I am glad to stand for this moment among you, glad to express my sympathy with you in every enterprise that tends to develop your State and local communities; glad to stand with you upon the one common platform of respect to the Constitution and the law, differing in our policies as to what the law should be, but pledged with a common devotion and obedience to law as the majority shall by their expressions make it.

I shall carry away from here a new impulse to public duty, a new inspiration as a citizen with you of a country whose greatness is only dawning. And may I now express the pleasure I shall have in every good that comes to you as a community and to each of you as individuals? May peace, prosperity, and social order dwell in your communities, and the fear and love of God in every home! [Cheers.]


[JOHNSON CITY, TENNESSEE, APRIL 14. 1891]

The President was welcomed at Johnson City by 3,000 people. S. K. N. Patton Post, G. A. R, with Maj. A. Cantwell, J. M. Erwin, and W. Hodges, acted as a guard of honor to the Chief Magistrate. The committee to receive and entertain the President comprised: Mayor Ike T. Jobe, Hon. W. G. Mathes, President Board of Trade; Hon. T. F. Singiser, Hon. A. B. Bowman, Hon. B. F. Childress, Thos. E. Matson, Jas. M. Martin, J. C. Campbell, H. C. Chandler, J. W. Cox, C. W. Marsh, L. W. Wood, J. A. Mathes, H. W. Hargraves, J. F. Crumley, M. N. Johnson, and W. W. Kirkpatrick.

Congressman Alfred A. Taylor presented the President, who spoke as follows:

My Fellow-citizens—The office of President of the United States is one of very high honor and is also one of very high responsibility. No man having conscientiously at heart the good of the whole people, whose interests are, under the law, in some degree committed to his care, can fail to feel a most oppressive sense of inadequacy when he comes to the discharge of these high functions.
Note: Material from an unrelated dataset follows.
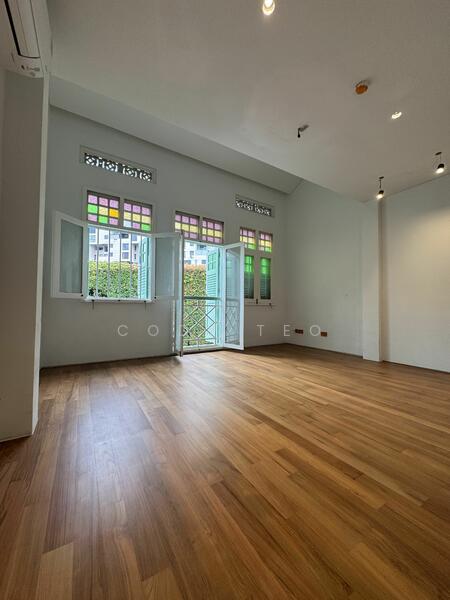 For Sale - Pegu Road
Elected under a system of government which gives to the majority of our people who have expressed their wishes through constitutional methods the right to choose their public servants, when he has taken the oath that inducts him into office he becomes the servant of all the people, and while he may pursue the advocacy of those measures to which the people have given their approval by his choice, he should always act and speak with a reserve and a respect for the opinion of others that shall not alienate from him the good-will of his fellow-citizens, without regard to political belief.
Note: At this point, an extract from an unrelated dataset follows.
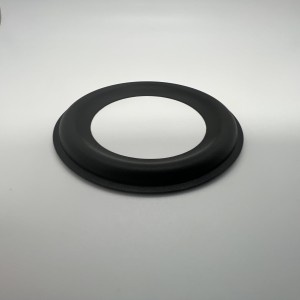 3英寸-揚聲器橡膠環繞 – EPDM橡膠邊緣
I shall not speak of what has been done, but I have a supreme regard for the honor of the Nation, a profound respect for the Constitution, and a most sincere desire to meet the just expectations of my fellow-citizens. I am not one of those who believe that the good of any class can be permanently and largely attained except upon lines which promote the good of all our people.
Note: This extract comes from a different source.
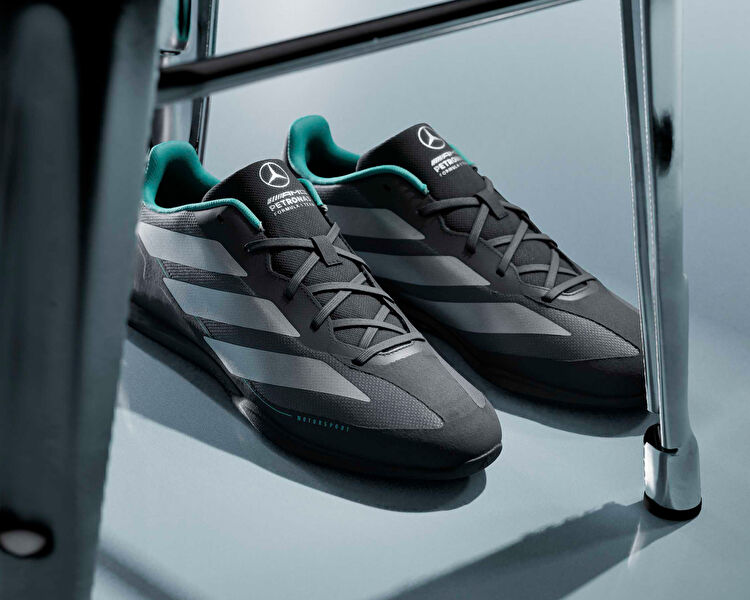 ADIDAS FEROZA BASE MERCEDES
I rejoice in the Union of the States. I rejoice to stand here in East Tennessee among a people who so conspicuously and at such sacrifice during the hour of the Nation's peril stood by the flag and adhered to their convictions of public duty [cheers]; and I am especially glad to be able to say that those who, following other views of duty, took sides against us in that struggle, without division in voice or heart to-day praise Almighty God that He preserved us one Nation. [Cheers.]